Facebook Twitter

Utah wins first 59 minutes, loses when it counts

SHARE Utah wins first 59 minutes, loses when it counts

The Utah Grizzlies were just 27.4 seconds away from re-hanging "Home, sweet home" signs in their new den Wednesday.

A goal by David Oliver, however, changed all that. The shot past Utah goalkeeper Mark McArthur tied the score, forced a shootout, and eventually led the Houston Aeros to a 5-4 victory in the E Center."We did everything right for 59 minutes," said Utah coach Butch Goring.

"But once they scored that goal, we did everything wrong."

The Grizzlies had limited the Aeros to just 13 shots-on-goal before surrendering the lead when Houston pulled its goalie and capitalized on the power play opportunity - a 6-4 advantage since Utah had a man in the penalty box at the time.

"We probably deserved a better result than we were dealt," said Goring.

"But that's hockey."

Goals by Mike Wiseman and Oliver were not matched in the shootout as Houston's rookie goal-keeper Ryan Bach stopped Grizz shooters Kip Miller, who had put Utah ahead 4-3 with a goal at 4:07 of the third period, Fred Knipscheer, John LeBlanc and Chris Taylor.

"I cleared my mind and tried to stay on my feet in the shootout," said Bach, who had deflected 24 shots in regulation. "I didn't want to start my IHL career with a loss."

He didn't, as Utah fell for the third straight time at home. The Grizzlies have now lost four of their past five games at the E Center.

"You've got to give full credit to the guy in the nets," said Goring.

"But for goal scorers, you've got to do better than we did."

The same can be said for Utah's slumping power play. The Grizzlies went one-for-29 during the three-game homestand.

"Getting one point (for the shootout loss) in the three games is, obviously, not how I wanted things to go," said Goring. "But we played three pretty good games. We don't have to make any dramatic changes."

And the defense, which gave up eight goals in losses to Milwaukee over the weekend, showed a marked improvement against Houston. The Aeros, however, found a way to make more from less.

McArthur, who stopped a season-high 39 shots in a 5-2 win the last time the teams met, found the Aeros a bit more selective this time around.

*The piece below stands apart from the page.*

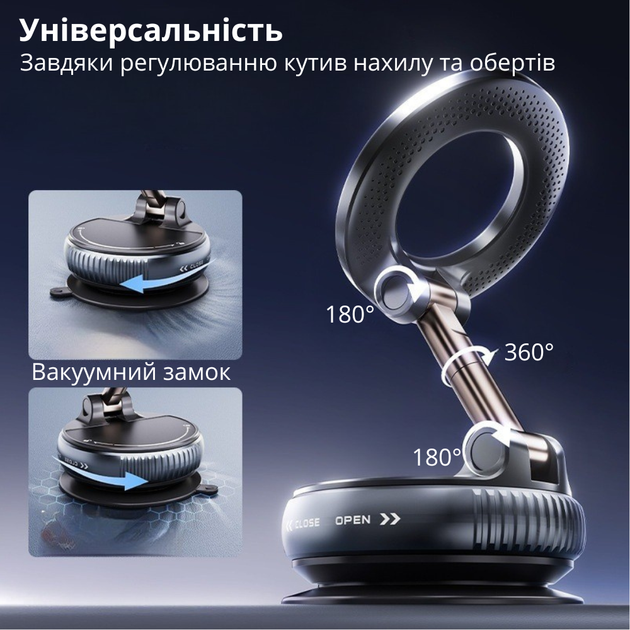 Универсальный магнитный держатель для телефона на автомобильной и домашней присоске с поворотом 360° черный JDT-0849601 - изображение 5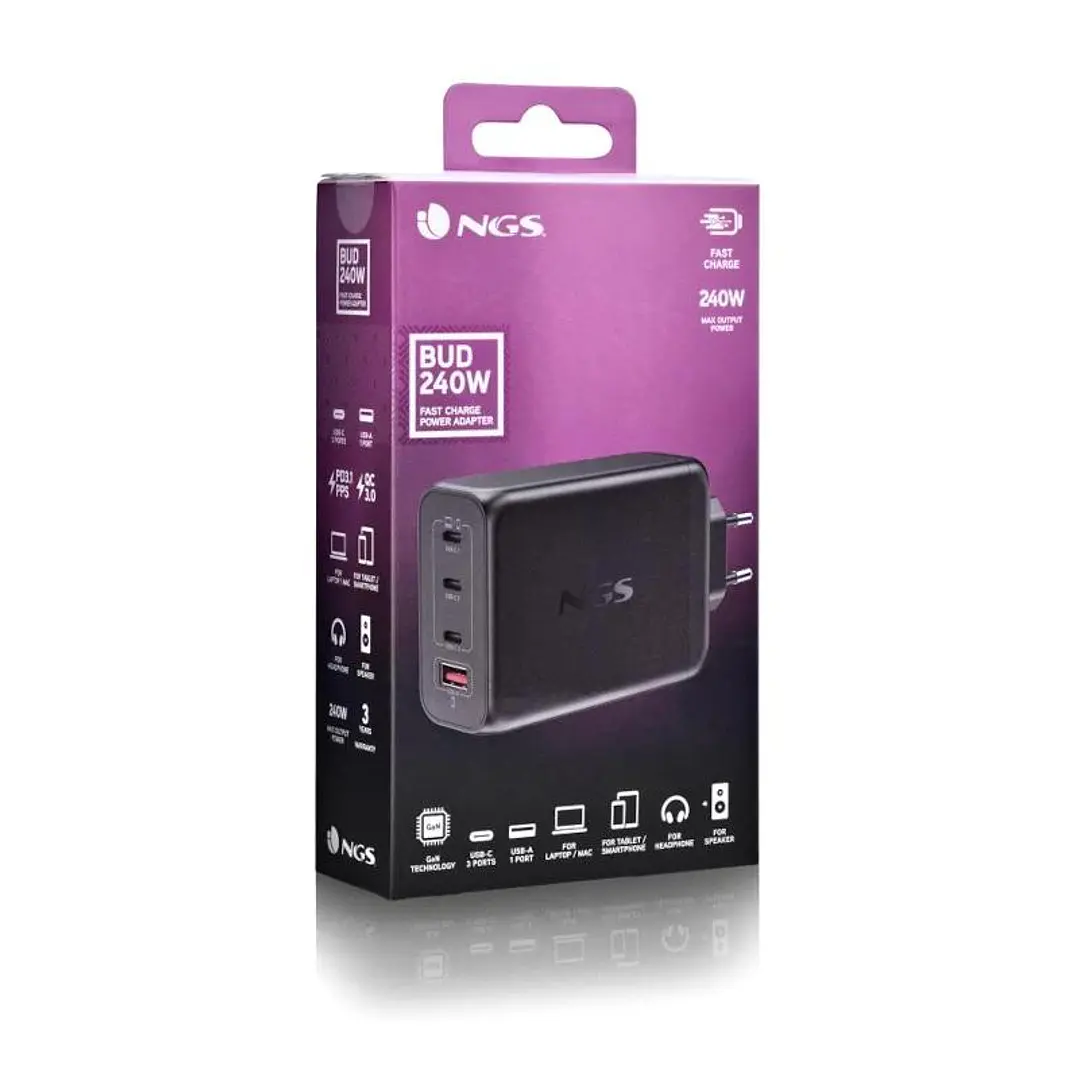 NGS CARGADOR ULTRARAPIDO240W 4 PUERTOS 3USB-C 1 US 4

Mark Freer and Mike Maurice each scored in the second period, while Oliver added a goal early in the third, as Houston converted on three of its first eight shots-on-goal. The latter, which came just 53 seconds into the final period, tied the score. Utah had taken a 3-2 advantage on two goals by Vladimir Orszagh and a single score from Taylor.

"(McArthur) had a heckuva game in Houston," said Goring, who opted to use him instead of teammate Wade Flaherty - the International Hockey League's top goalkeeper for October. "That was my call. When a guy has a good game against someone, sometimes you see a repeat performance."

Apparently not in Utah's House of Horrors, though.

The game also featured the first two hockey fights in E Center history.

Utah left wing Sean O'Brien and Brent Hughes of Houston have the dubious distinction of headlining the first bout.

Utah's next home game is Nov. 15 against Las Vegas. Until then, the Grizzlies head for the comfort of the road where they have won three consecutive games. Utah visits Quebec Friday and Sunday before facing Fort Wayne Tuesday.

SLAP SHOTS: Utah ranks seventh in IHL attendance. Wednesday's crowd of 6,307 upped the Grizzlies' season total to 52,889 over eight games for an average of 6,611. Grand Rapids leads the 18-team circuit at 10,798 per game . . . The Grizz have released right wing Carlos Soke. He appeared in two games and logged four penalty minutes . . . Flaherty was presented with his IHL Goalkeeper of the Month plaque before the game. The Grizzly goalie went 6-1-1 with a 1.64 goals-against average in October. Flaherty joins Tommy Salo (December 1995), Jamie McLennan (January 1996) and McArthur (October 1996) as Utah winners of the award.